Aggregation based on terms field is not working

Aggregation based on terms field is not working. I loaded the data with different (_id), with the same data. I Am trying to find a duplicate of records based on one of the index fields. using the below simple terms query, it's not returning the results which were expected.

Sample Query Used, but able to get other records,

{
"size": 0,
"seq_no_primary_term": true,
"aggs": {
"groupbyordernum": {
"filter": {
"term": {
"region": "us"
}
},
"aggs": {
"bucketordernum": {
"terms": {
"field": "order_num",
"min_doc_count": 2,
"exclude": "0"
}
}
}
}
}
}

@rajthilakr
Can you post sample data and reason why you think results are incorrect?
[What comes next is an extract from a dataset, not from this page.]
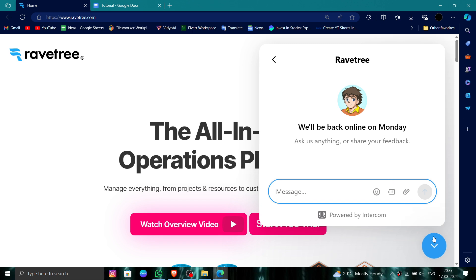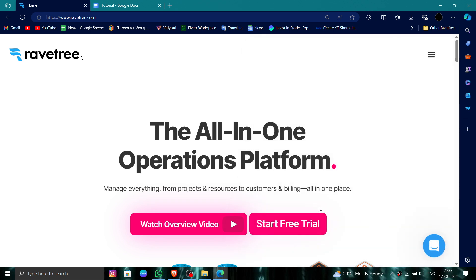And done! So this is how to delete, remove, or uninstall the Ravetree account.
This is what I call the "Elizabeth Taylor" problem.
She was an actress who famously married many times and would be hard to find in a distributed database if you were looking for people with the most marriages.
Marriages, like your records, preferably only occur once and in most cases this is true. If your system holding marriage certificates spreads them across many shards randomly then each shard could end up thinking Elizabeth Taylor was like everyone else in their subset of data - only married once. This makes it hard for the system as a whole to determine which of the millions of people held on file were married more than once.
If you use custom routing of documents you can ensure each person's documents end up on the same shard and get the accurate answers.

1 Like

This topic was automatically closed 28 days after the last reply. New replies are no longer allowed.